As the world becomes ever more complex, the need to collaborate to discover the best and most effective solutions will become increasingly important. For educators preparing students to work in STEM (science, technology, engineering and mathematics) fields especially, it’s essential that from a young age, the children in their care have the opportunity to practice working with others.
By encouraging collaboration among children of diverse backgrounds, experiences and perspectives, project-based group work also gives students the ability to develop crucial social-emotional learning (SEL) skills. These interpersonal attributes are vital to thriving personally and professionally.
In our white paper, “Learning Social-Emotional Skills Through Invention Education,” we explore how educators can use invention education, solving real-world problems by creating invention prototypes, to help every student build these essential SEL and collaborative skill sets.
We invite you to read an excerpt from this white paper that explores the increased importance of teamwork in today’s quickly evolving workplace:
The Need for Collaboration
One of the key advantages of a quality SEL education is its ability to teach students how to collaborate in ways that promote the quality of a project’s outcome over the desires or ego of individual team members.

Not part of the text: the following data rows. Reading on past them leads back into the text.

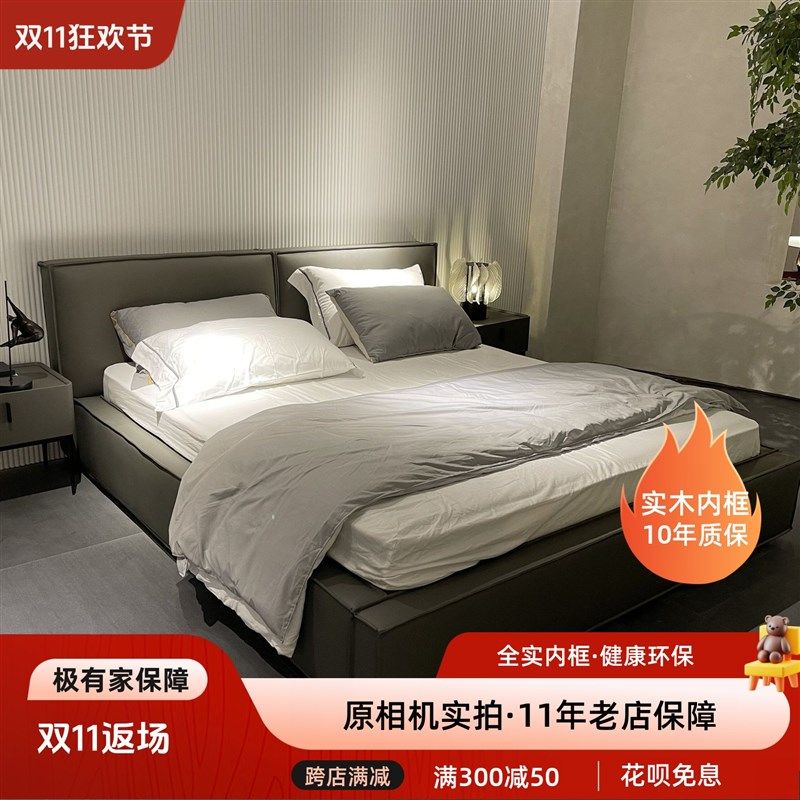 意靠极简主卧大气现代腐约头层牛皮大户型双式包宽边豆简块牛皮床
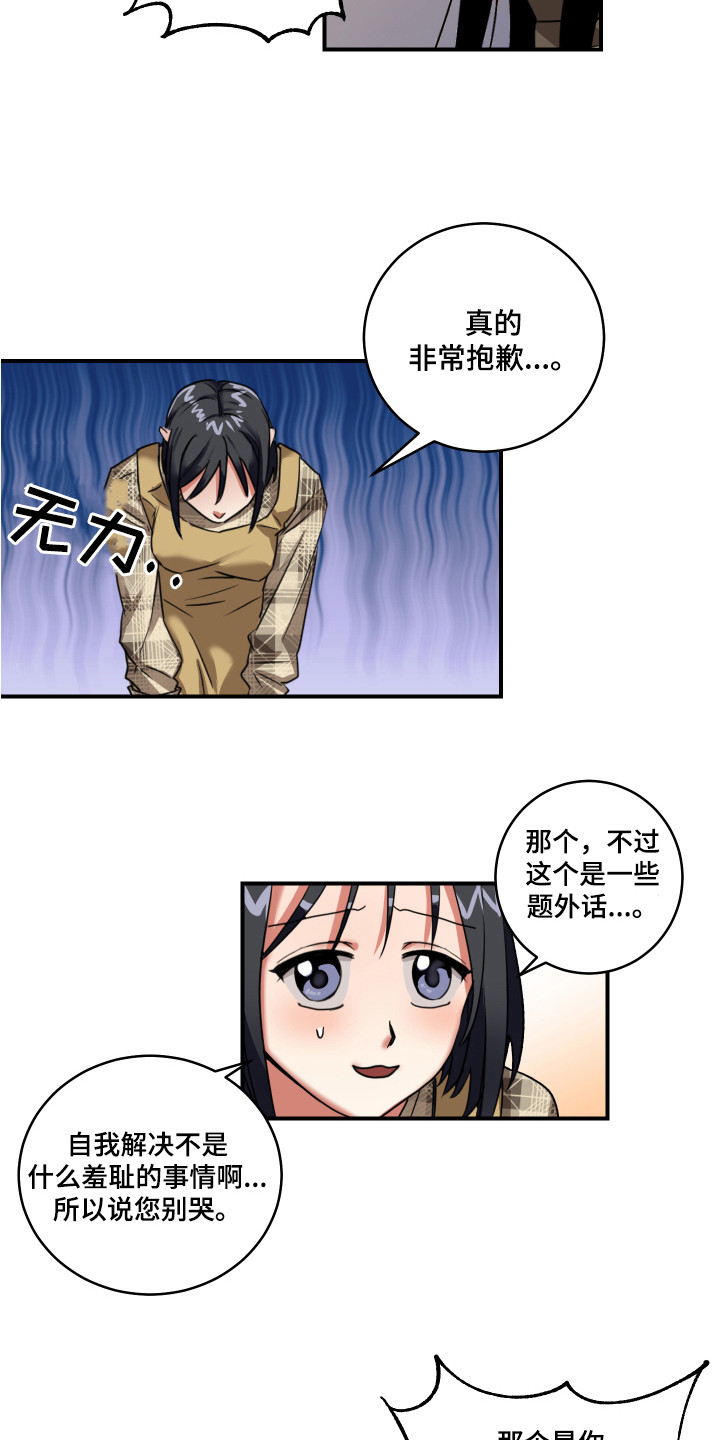 最高机密漫画,第4章：解释2图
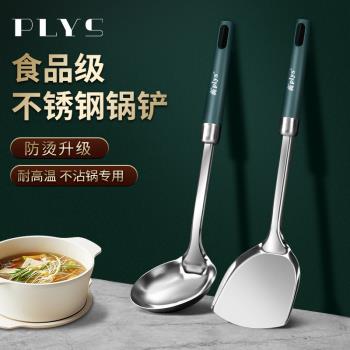 家用炒勺廚房不銹鋼鍋鏟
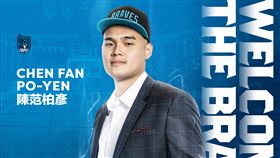 ▲陳范柏彥正式加盟富邦勇士。（圖／富邦勇士球團提供）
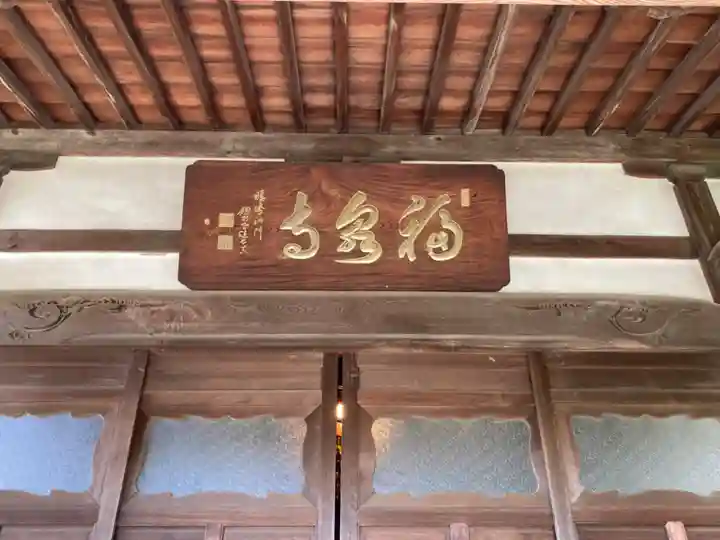 福泉寺(神奈川県)
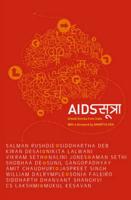 Aids sutra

The ability to work with others has never been more important due to the increasing complexity of the world around us. In an article published by the Kellogg School of Management at Northwestern University, Emily Stone, senior research editor of Kellogg Insight, explains that a growing reason why collaboration is essential has to do with “our individual knowledge base becoming more and more specialized.”

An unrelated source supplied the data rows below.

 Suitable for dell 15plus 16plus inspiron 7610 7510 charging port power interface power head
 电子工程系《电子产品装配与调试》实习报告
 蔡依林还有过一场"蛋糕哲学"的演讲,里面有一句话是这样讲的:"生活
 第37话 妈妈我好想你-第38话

Using the research of Benjamin Jones, a strategy professor at the Kellogg School, to explain this phenomenon, Stone explains that with complexity comes the need for people with specialized knowledge to come together and work toward common goals. Jones’ paper uses the example of 1975 NIHF Inductees Orville and Wilbur Wright. In 1903, it took the efforts of two individuals to design and fly the first airplane. Fast forward to today, and it takes dozens of specialists to build a single functioning airplane engine. To get a plane safely off the ground, it takes the productive effort of many different teams, with each member possessing a specialized set of skills and working in collaboration.

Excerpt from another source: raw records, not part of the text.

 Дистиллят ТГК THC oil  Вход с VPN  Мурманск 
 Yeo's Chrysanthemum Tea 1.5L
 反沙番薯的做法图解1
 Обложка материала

However, there can be such a thing as “too many cooks in the kitchen,” and having larger groups does not automatically lead to higher levels of innovation. In another paper authored by Jones and fellow Kellogg School professor Brian Uzzi, the researchers found that it isn’t enough to have large teams whose members contribute novel or even conventional ideas. Instead, true innovative collaboration occurs when members of a team have both an understanding of the subject at hand and a willingness to pursue a novel direction.
“You want to be grounded in something that’s well understood and yet be adding in the piece that’s truly unusual,” Jones said in an article explaining his research. “And if you do those two things [and] stretch yourself in both directions, then you radically increase your probability of hitting a home run.”
Uzzi adds that success in innovation often takes combining the expertise of disparate fields to produce impactful results. “Many of these novel combinations are really two conventional ideas in their own domains,” he explained. “You’re taking established, well-accepted ideas, which is a wonderful foundation — you need that in science. But when you put them together: wow. That’s suddenly something really different.”